> _WHAT NEEDS TO BE DONE_: Starting at the top of the data and ending with the line that holds "WhatsApp vai permitir", transcribe each line exactly; include both ends.

%%

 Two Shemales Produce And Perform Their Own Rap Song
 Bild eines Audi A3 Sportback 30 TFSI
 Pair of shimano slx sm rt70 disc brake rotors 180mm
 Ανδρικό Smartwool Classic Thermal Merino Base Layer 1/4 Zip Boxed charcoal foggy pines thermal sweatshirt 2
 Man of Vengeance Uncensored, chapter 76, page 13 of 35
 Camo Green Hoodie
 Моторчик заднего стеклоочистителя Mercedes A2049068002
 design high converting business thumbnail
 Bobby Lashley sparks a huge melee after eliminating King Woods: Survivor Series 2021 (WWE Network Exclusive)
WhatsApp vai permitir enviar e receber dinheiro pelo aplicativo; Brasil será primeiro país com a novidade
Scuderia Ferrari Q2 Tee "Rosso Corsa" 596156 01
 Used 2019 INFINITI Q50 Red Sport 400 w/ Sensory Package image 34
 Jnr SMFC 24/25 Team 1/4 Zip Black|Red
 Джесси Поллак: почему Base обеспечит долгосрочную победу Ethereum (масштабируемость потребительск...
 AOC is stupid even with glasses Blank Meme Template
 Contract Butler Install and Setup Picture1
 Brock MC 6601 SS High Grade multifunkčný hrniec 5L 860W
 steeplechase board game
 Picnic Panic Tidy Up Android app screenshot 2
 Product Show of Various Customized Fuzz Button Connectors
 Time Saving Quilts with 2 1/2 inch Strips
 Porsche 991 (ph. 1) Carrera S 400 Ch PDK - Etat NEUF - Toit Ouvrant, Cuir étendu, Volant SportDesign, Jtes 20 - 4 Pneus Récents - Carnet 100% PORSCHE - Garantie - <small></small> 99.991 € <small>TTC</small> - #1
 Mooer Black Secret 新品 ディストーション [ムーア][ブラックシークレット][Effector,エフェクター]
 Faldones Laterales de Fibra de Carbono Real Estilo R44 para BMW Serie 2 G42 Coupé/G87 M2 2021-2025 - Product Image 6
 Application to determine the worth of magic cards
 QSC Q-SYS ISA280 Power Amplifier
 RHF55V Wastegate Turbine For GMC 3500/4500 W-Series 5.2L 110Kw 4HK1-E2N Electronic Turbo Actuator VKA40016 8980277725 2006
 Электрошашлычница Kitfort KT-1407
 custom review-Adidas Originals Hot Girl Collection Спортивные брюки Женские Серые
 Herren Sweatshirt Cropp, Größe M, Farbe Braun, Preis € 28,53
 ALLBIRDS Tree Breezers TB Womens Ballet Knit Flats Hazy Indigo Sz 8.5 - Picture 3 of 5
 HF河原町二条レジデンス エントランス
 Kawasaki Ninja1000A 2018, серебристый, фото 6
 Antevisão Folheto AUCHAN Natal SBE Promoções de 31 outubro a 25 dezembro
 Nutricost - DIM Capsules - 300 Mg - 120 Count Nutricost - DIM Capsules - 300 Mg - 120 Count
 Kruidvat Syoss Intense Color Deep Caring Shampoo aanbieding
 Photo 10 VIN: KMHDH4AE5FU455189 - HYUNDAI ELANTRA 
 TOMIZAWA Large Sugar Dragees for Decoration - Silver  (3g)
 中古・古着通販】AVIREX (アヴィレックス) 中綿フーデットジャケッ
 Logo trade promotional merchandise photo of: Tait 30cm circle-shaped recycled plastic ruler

%%

> _TASK SOLUTION_:
 Two Shemales Produce And Perform Their Own Rap Song
 Bild eines Audi A3 Sportback 30 TFSI
 Pair of shimano slx sm rt70 disc brake rotors 180mm
 Ανδρικό Smartwool Classic Thermal Merino Base Layer 1/4 Zip Boxed charcoal foggy pines thermal sweatshirt 2
 Man of Vengeance Uncensored, chapter 76, page 13 of 35
 Camo Green Hoodie
 Моторчик заднего стеклоочистителя Mercedes A2049068002
 design high converting business thumbnail
 Bobby Lashley sparks a huge melee after eliminating King Woods: Survivor Series 2021 (WWE Network Exclusive)
WhatsApp vai permitir enviar e receber dinheiro pelo aplicativo; Brasil será primeiro país com a novidade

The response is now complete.